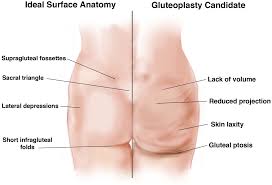 Aesthetic Surgery of the Buttocks Using Implants: Practice-Based  Recommendations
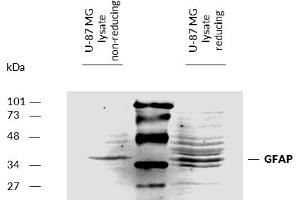 Detection of Glial fibrillary acidic protein (GFAP) by Western Blot. (GFAP 抗体)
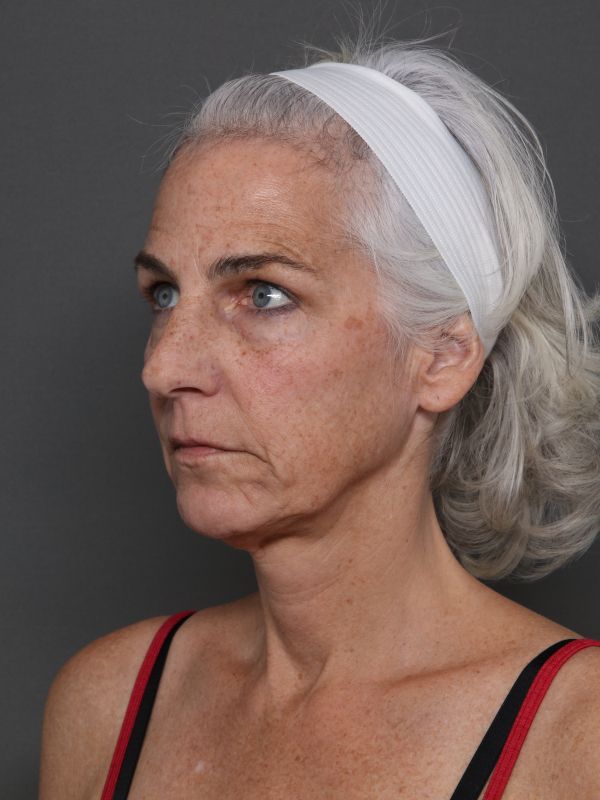 Facelift Before & After Image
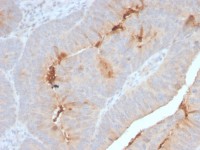 SAA1 + SAA2 antibody [SAA/2868R]
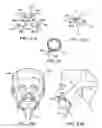Fig. 10 - Method and device for non-invasive ventilation with nasal interface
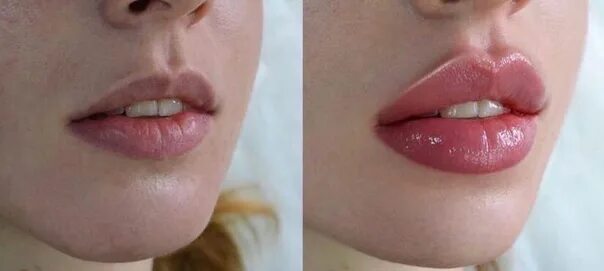 Увлажнение губ до и после. Увлажнение губ аугментация. Увлажнение губ гиалуроновой кислотой.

How to complete this task: Begin with the line holding "Fig. 10 - Method" and end with the last line of the listing. Reproduce each of those lines exactly, and leave every picture out.

Exercise response:
Fig. 10 - Method and device for non-invasive ventilation with nasal interface
 Увлажнение губ до и после. Увлажнение губ аугментация. Увлажнение губ гиалуроновой кислотой.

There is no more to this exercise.